*** Input Section Begins ***

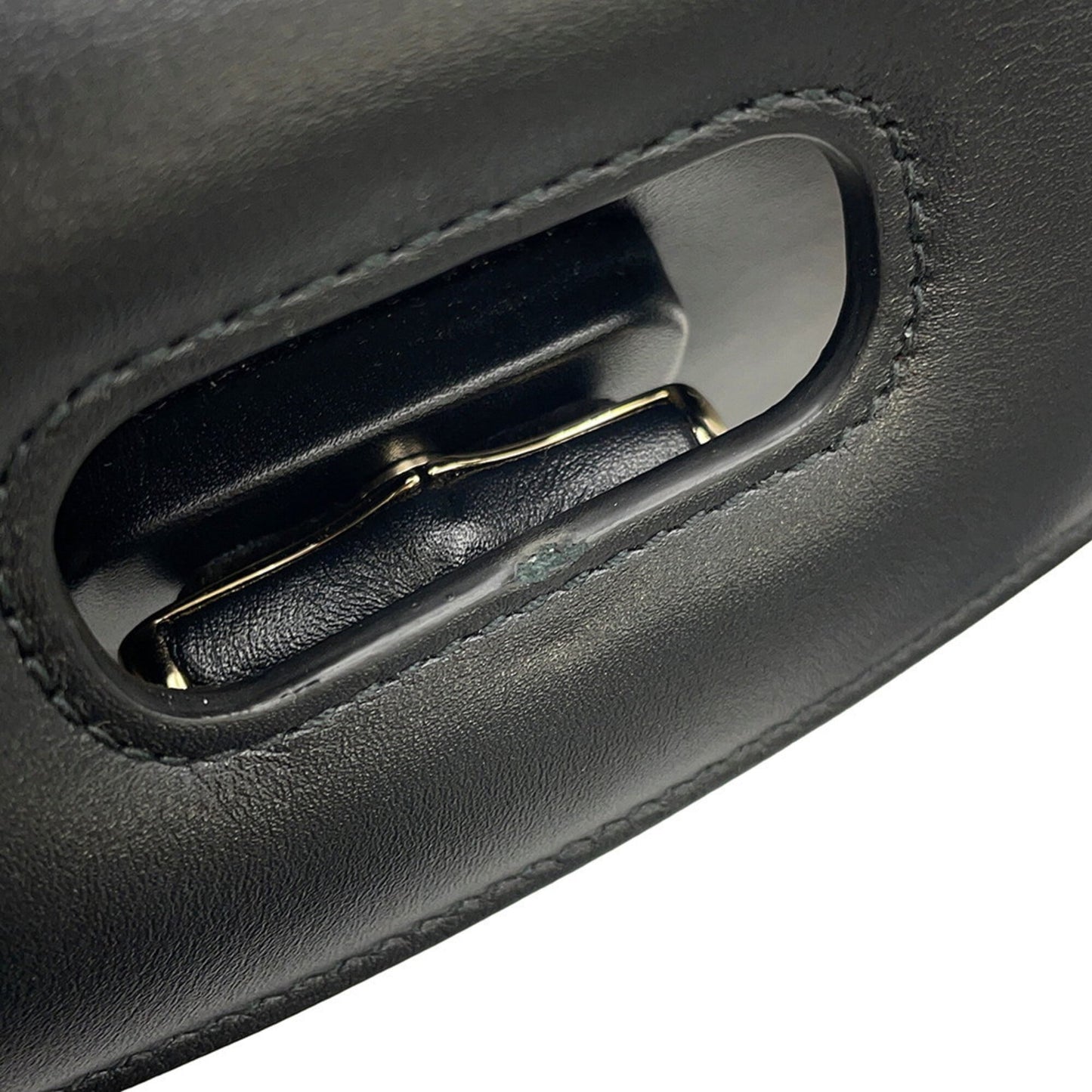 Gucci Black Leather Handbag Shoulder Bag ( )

*** Input Section Ends ***
*** Input Section Begins ***

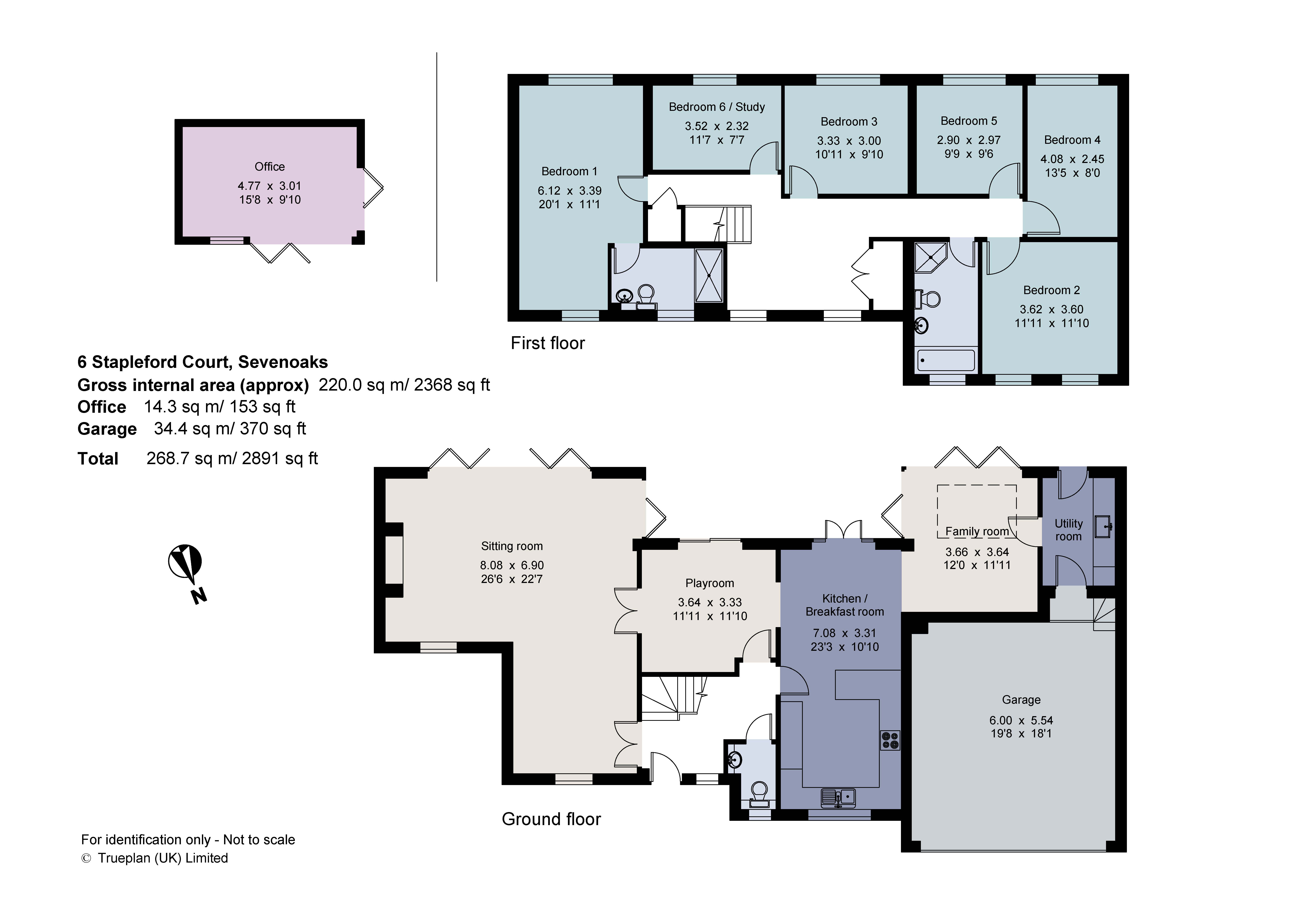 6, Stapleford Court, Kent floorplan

*** Input Section Ends ***
*** Input Section Begins ***

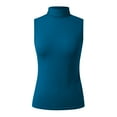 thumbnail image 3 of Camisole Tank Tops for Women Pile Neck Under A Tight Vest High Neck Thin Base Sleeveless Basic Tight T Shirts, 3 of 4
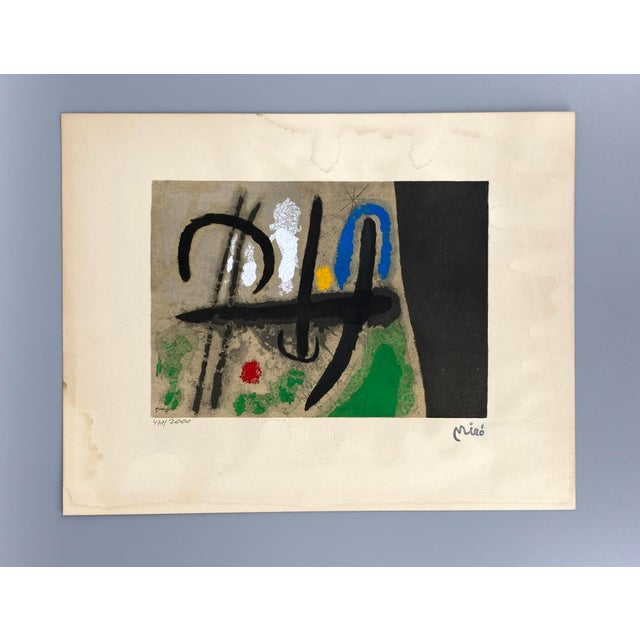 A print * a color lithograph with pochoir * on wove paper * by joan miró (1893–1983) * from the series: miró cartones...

*** Input Section Ends ***

No picture is to be printed. Output exactly the lines above from the line containing "thumbnail image 3" through the line containing "A print * a".

Task solution |
 thumbnail image 3 of Camisole Tank Tops for Women Pile Neck Under A Tight Vest High Neck Thin Base Sleeveless Basic Tight T Shirts, 3 of 4
 A print * a color lithograph with pochoir * on wove paper * by joan miró (1893–1983) * from the series: miró cartones...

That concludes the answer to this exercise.